OK, it is time (08/02/01) to proceed with some of the stuff below.
However, plans have changed a bit.  

For one thing I'm going to add some stream-like tests, as I don't see
how testing/benchmarking vector multiply/add instructions can be
considered a proprietary idea even in the most polite sense of the term.
I was doing it literally a decade ago myself anyway.

Second, I'm going to completely swallow "memtest" into cpu-rate.  In
particular, I'm going to modularize and break down the parts of memtest
and provide a facility for inserting any of a collection of specific
combinations of float instructions.

I'm especially interested in two numbers:

   a) Floating point speeds in the regime where cache is useless --
where the random memory access algorithm pulls the next number to be
worked on from all over the malloc'd memory space.

   b) Floating point speeds in the regime where more arithmetic is
gradually added inside the core memory access loop.  I'm particularly
interested in being able to identify the "knee" in the curve that should
occur when floating point operations unbind the memory bus, for single
and dual operations.  There should be a fairly well-defined "number of
floats per memory access" that unbinds the memory bus on both singles
and duals and restores one to something much closer to theoretical peak
float rates.

These additions may require some moderate rewriting of the entire
program (again).  For one thing, we are going to get to the point where
it is pretty difficult to control/select benchmarks using command line
flags.  We can try it, but I'm going to guess that I'll end up with too
many control flags to remember or easily document.  It may be time to
use an input file to control what is done and start it with e.g.

  cpu-rate -f benchfile

to configure and execute a specific benchmark.
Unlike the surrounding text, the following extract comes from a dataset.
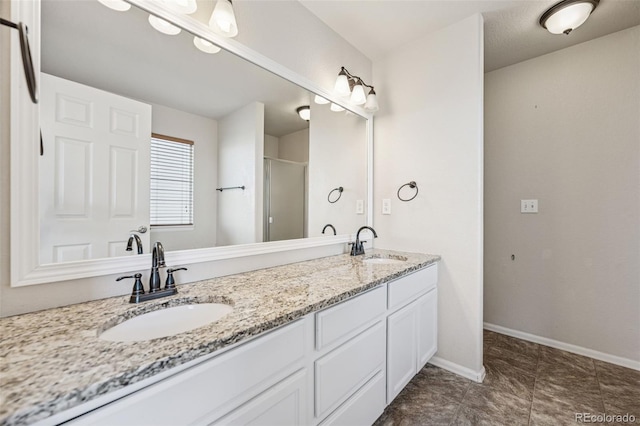 13135 Devils Thumb Pl, Peyton, CO 80831 - bathroom with double vanity and baseboards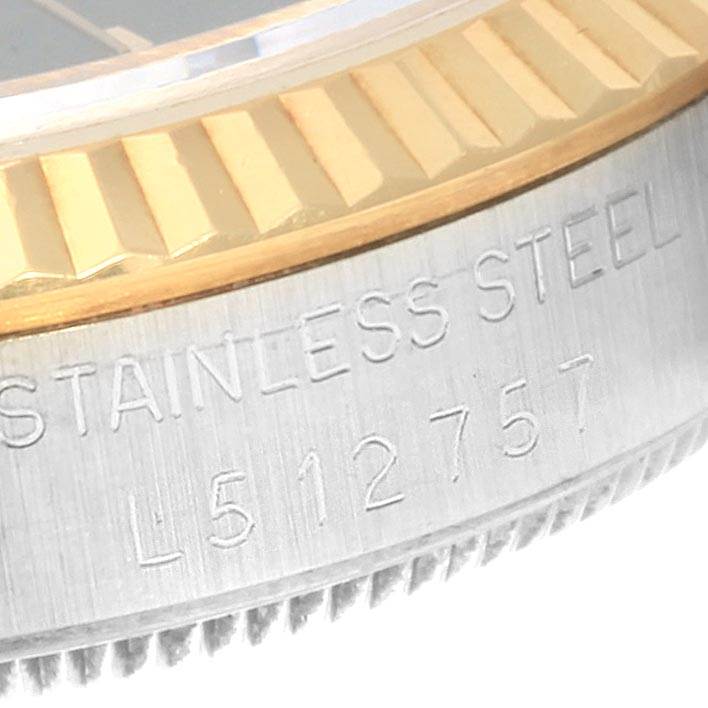 This close-up image shows the side view of the bezel and serial number engraving on a Mid-Size Rolex watch.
Alternatively we can try
to use flags but simultaneously "document" them (and control execution)
with a perl-gtk GUI.

This latter solution is moderately attractive for two reasons.  One is
that it autodocuments everything.  Second, it is necessary to run a
number of "independent" runs FROM THE SHELL to get good statistics.
Shelling the binary benchmark from a script and doing statistics at the
shell level is a good way of managing this.

(Old stuff below)

  In particular, we should add fractionated/broken down test for e.g.

   multiply
   add
   subtract
   divide

  as separate entities, and tests for

   sin()
   cos()
   tan()
   asin()
   acos()
   atan()
   pow()
   sqrt()
   exp()
   ln()

  also as separate entities.

  It would be good to merge in the old memtest program so that we could
  mix'n'match "raw" float speed tests and "raw" memory I/O speed tests.